То же заявление повторяется и в предисловии к «Жизни термитов». Никакого вымысла, никакого творчества в кавычках: объективное изложение и скромное объяснение. И читая первые страницы книги с сухим перечнем фактов и сообщением вполне проверенных сведений — невольно веришь этой «скромности» автора. Но вот введение заканчивается открываются ворота мрачного и страшного мира — и перед нами — таинственная, трагически напряженная жизнь. И тогда становится ясным, что пресловутая объективность — только хитрый прием, что нас вводят не в популярную монографию по природоведению, а в заколдованное царство, в те самые таинственные замки, где мы уже встречали далеких принцесс, Аглавен, Селизетт и Тентажилей.

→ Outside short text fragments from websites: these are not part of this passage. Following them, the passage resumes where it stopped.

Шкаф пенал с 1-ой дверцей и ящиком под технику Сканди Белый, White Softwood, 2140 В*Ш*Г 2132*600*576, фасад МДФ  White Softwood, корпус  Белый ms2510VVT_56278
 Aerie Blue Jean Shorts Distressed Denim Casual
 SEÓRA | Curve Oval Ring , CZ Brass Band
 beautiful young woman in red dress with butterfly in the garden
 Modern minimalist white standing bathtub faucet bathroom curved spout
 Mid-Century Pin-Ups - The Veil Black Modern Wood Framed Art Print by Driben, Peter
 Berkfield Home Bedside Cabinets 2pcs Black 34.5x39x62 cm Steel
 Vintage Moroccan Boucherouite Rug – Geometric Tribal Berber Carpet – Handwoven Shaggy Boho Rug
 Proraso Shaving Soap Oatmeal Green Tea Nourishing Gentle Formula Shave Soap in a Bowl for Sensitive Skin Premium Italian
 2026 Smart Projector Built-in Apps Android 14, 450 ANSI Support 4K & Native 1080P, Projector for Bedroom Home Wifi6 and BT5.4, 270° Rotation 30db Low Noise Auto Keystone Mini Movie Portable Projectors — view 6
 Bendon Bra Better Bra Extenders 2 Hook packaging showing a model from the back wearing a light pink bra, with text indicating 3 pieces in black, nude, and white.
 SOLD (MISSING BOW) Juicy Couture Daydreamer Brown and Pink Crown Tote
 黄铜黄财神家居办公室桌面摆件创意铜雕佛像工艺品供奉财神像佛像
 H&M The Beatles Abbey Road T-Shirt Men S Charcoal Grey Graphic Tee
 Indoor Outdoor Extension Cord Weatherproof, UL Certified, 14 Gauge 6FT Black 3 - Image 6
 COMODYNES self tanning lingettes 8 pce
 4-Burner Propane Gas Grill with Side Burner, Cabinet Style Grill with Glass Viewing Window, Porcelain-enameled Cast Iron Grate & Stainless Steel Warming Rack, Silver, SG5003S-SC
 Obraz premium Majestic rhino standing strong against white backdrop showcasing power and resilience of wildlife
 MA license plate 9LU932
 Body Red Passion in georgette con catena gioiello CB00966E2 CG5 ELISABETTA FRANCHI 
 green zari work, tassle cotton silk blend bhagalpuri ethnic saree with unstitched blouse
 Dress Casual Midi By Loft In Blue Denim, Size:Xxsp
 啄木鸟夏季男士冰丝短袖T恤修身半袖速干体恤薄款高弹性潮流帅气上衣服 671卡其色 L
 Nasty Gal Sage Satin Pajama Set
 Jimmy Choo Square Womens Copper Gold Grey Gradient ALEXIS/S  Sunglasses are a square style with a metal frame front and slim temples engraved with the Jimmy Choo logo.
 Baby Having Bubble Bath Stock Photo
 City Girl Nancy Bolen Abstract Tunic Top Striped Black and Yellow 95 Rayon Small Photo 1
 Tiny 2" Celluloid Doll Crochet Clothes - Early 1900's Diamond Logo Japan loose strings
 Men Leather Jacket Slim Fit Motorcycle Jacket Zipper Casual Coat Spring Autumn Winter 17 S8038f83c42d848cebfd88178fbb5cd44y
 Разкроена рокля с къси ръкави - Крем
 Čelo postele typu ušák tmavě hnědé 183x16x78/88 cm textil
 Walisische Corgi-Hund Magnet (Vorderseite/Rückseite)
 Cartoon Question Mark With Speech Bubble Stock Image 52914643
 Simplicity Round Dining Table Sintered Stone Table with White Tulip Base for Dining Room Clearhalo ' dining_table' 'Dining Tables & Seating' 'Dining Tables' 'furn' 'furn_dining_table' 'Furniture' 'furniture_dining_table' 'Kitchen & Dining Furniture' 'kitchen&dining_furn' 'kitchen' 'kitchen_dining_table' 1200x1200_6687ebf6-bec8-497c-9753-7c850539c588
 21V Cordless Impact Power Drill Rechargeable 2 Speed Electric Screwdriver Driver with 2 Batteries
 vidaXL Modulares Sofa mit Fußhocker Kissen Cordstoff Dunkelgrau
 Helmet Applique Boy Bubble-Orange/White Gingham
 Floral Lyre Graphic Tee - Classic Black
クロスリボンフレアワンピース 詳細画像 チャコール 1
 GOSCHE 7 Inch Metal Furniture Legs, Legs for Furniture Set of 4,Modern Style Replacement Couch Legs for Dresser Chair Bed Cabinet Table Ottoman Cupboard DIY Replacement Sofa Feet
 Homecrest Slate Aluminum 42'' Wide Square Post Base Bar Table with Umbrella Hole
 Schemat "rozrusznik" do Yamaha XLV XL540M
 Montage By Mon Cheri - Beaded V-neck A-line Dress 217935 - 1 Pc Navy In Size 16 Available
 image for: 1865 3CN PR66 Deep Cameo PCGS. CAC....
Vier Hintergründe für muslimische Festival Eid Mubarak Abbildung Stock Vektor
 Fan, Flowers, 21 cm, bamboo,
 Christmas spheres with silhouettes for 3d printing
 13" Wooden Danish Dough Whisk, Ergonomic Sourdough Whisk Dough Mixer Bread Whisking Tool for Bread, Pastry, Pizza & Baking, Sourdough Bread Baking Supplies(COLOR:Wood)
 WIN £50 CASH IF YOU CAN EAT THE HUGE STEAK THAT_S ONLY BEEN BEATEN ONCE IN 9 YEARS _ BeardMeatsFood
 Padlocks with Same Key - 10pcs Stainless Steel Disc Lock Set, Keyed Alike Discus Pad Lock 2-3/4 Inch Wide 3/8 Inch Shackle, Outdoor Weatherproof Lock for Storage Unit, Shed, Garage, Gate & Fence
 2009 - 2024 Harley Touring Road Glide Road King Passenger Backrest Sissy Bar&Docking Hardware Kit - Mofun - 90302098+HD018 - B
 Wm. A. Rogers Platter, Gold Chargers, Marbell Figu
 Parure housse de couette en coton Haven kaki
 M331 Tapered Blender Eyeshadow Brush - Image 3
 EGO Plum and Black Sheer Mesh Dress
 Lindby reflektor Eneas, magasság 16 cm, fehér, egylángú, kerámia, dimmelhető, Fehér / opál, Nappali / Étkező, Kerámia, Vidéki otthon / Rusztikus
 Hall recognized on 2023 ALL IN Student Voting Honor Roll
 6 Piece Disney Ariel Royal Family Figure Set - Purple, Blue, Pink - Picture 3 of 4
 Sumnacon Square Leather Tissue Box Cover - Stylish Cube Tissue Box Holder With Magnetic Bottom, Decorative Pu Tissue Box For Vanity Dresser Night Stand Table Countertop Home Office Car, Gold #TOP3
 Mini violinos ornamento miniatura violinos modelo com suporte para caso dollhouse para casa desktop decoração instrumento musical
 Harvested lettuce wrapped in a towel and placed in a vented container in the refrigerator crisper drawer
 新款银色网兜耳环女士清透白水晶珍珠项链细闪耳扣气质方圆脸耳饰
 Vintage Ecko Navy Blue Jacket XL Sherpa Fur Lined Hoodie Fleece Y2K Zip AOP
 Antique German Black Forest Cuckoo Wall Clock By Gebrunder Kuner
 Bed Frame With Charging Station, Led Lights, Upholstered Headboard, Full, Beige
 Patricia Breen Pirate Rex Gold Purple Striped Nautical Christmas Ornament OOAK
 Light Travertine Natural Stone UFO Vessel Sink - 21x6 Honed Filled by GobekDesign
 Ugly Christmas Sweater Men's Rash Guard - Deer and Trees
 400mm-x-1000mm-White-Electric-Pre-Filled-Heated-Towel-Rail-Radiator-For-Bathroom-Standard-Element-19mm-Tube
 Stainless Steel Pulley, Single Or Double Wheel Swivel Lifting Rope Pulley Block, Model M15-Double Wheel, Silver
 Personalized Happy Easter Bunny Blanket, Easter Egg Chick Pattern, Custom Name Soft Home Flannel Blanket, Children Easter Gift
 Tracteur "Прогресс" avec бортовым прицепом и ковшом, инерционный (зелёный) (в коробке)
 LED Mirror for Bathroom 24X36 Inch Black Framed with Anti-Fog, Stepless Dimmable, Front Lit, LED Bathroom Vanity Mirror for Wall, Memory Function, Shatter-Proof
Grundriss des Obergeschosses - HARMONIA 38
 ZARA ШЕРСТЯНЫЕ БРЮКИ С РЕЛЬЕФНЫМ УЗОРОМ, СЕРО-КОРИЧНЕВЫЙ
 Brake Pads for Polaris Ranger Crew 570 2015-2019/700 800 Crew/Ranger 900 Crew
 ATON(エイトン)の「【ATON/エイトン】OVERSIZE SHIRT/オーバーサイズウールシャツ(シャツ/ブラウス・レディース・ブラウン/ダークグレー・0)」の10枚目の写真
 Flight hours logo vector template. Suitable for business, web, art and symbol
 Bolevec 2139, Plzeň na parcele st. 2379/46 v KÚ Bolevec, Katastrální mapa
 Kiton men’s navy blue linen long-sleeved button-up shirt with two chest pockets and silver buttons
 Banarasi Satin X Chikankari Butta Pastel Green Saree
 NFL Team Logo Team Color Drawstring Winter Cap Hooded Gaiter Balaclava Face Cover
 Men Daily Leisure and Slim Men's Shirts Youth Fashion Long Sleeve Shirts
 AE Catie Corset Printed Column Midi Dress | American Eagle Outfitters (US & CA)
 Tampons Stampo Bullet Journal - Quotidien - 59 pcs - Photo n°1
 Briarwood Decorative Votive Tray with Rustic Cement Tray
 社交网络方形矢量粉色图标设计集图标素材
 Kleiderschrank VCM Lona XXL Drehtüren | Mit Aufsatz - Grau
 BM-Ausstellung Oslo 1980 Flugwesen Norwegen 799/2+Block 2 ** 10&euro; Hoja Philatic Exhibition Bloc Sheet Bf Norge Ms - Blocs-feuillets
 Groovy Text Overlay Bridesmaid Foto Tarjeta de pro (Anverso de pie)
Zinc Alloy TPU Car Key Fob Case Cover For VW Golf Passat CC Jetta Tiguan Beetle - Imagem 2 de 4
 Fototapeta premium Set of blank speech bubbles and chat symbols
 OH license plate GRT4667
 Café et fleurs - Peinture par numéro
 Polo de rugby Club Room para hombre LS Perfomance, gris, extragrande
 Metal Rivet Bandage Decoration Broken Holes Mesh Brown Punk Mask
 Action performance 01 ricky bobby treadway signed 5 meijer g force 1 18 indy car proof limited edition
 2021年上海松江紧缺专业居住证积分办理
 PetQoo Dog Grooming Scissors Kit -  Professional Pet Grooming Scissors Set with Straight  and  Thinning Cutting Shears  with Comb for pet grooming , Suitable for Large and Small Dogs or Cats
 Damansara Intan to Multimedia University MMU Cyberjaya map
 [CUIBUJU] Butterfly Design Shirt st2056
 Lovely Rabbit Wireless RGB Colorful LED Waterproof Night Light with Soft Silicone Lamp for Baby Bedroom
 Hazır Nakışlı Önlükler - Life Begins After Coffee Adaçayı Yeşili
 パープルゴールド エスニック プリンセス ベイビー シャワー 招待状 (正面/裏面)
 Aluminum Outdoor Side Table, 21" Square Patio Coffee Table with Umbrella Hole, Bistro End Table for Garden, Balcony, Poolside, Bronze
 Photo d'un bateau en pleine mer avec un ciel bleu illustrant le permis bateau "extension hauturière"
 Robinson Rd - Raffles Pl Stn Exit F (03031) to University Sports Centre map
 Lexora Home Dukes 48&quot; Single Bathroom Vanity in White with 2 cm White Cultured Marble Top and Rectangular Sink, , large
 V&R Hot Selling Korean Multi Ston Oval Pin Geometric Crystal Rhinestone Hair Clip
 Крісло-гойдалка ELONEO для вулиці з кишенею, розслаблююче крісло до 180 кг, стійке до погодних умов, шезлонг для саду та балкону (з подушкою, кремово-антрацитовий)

Материал иной, вместо романтических призраков — загадочные и жуткие существа, слепые, жестокие, самоотверженные и вещие. Но тот же замысел: мрачно–символический (культура термитов — древняя и мудрая — прообраз всех человеческих культур) и то же драматическое построение: рок под маской непостижимого «инстинкта», некоего «духа рода», бессмысленные страдания и бесплодные жертвы, беспощадная борьба, чудовищные гекатомбы, приносимые неведомому и зловещему божеству. Низменное и героическое, отвратительное и величественное, жизнь и смерть — все это окутано мраком под сводами тюрьмы и застенка, называемого муравейником. Автор ограничивается «гармоническим» воссоединением разрозненных данных. В этом «ограничении», выборе — все его искусство. Он сам не наблюдал термитов: сведения почерпнуты им из книг, — тем более удивительно его законченное создание, в котором так крепка логика соотношений. Не сообщая ничего нового, Метерлинк творит заново целый мир. Мы и до него знали каждый камень в отдельности; но перед зданием, из них построенным, стоим в изумлении. Неужели можно поверить в такую чудовищную бредовую правду?